If the sequence x_n converges to a value X so that $x_{n+1}-x_n=f(x_n)*dt$ gets small as n increases, also $f(x_n)$ becomes small and so we will have $f(X)=0$ (assuming $f(x)$ is continuous) and so we have computed a root X to the equation $f(x)=0$.

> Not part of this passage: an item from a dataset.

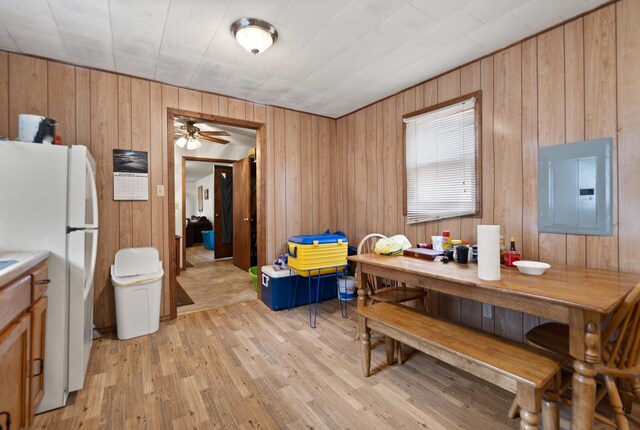 dining area featuring wood walls, light hardwood / wood-style flooring, electric panel, and ceiling fan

As an example consider $f(x)=2-x^2$ with $x_0=1$ and $dt=0.1$.

See that $X =\sqrt{2}$.

To understand the condition $\frac{df}{dx} <0$ and dt small enough, subtract two successive steps to get

• $x_{n+1}-x_{n} = x_n -x_{n-1} +(f(x_n)-f(x_{n-1})*dt\approx (x_n-x_{n-1})(1+\frac{df}{dx}(x_n)*dt)$

where convergence with

• $\vert x_{n+1}-x_{n}\vert \approx q\vert x_{n}-x_{n-1}\vert$

is guaranteed if

• $q=\vert 1+\frac{df}{dx}(x_n)*dt\vert < 1$

with quicker convergence the smaller q is. Explain.

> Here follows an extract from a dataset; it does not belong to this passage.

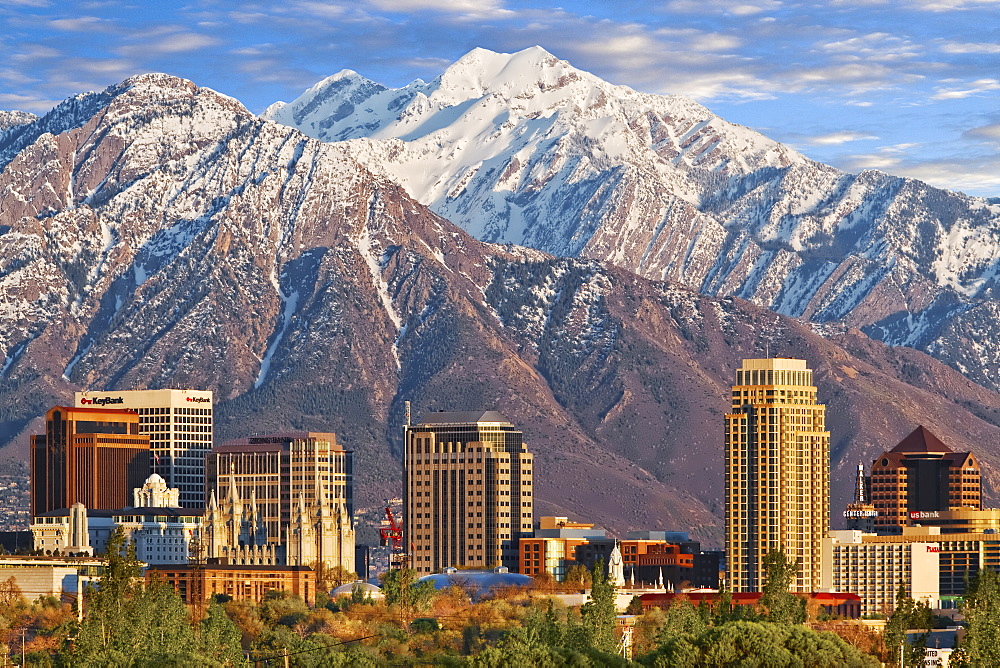 Skyline of downtown Salt Lake City with the towering Wasatch Mountain range at back, Utah, USA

Play with the above code and compute roots.

Compare with Solving Equations by Newton’s Method

Compare with Fixed Point Iteration

#### Generalisation to Newton’s Method

Consider time stepping with the following variant of (1):

• $x = x + alpha*f(x)*dt$,         (2)

where alpha is a number to be chosen according to the following consideration:

Rewrite (2) as fixed point iteration

• $x = g(x)$  with $g(x) = x + alpha*f(x)$

with convergence if $\vert Dg(x)\vert < 1$ for all x, where $Dg = dg/dx$ and quicker convergence the smaller $vert Dg(x)\vert|$ is. We compute

• $Dg(x) = 1 + alpha*Df(x)$

to find that Dg(x) is small (0) if

• $alpha = -\frac{1}{Df(x)}$.

We are thus led to time step as follows choosing dt = 1,

• $x = x - \frac{f(x)}{Df(x)}$

which is Newton’s Method with very quick convergence (assuming Df(x) not zero).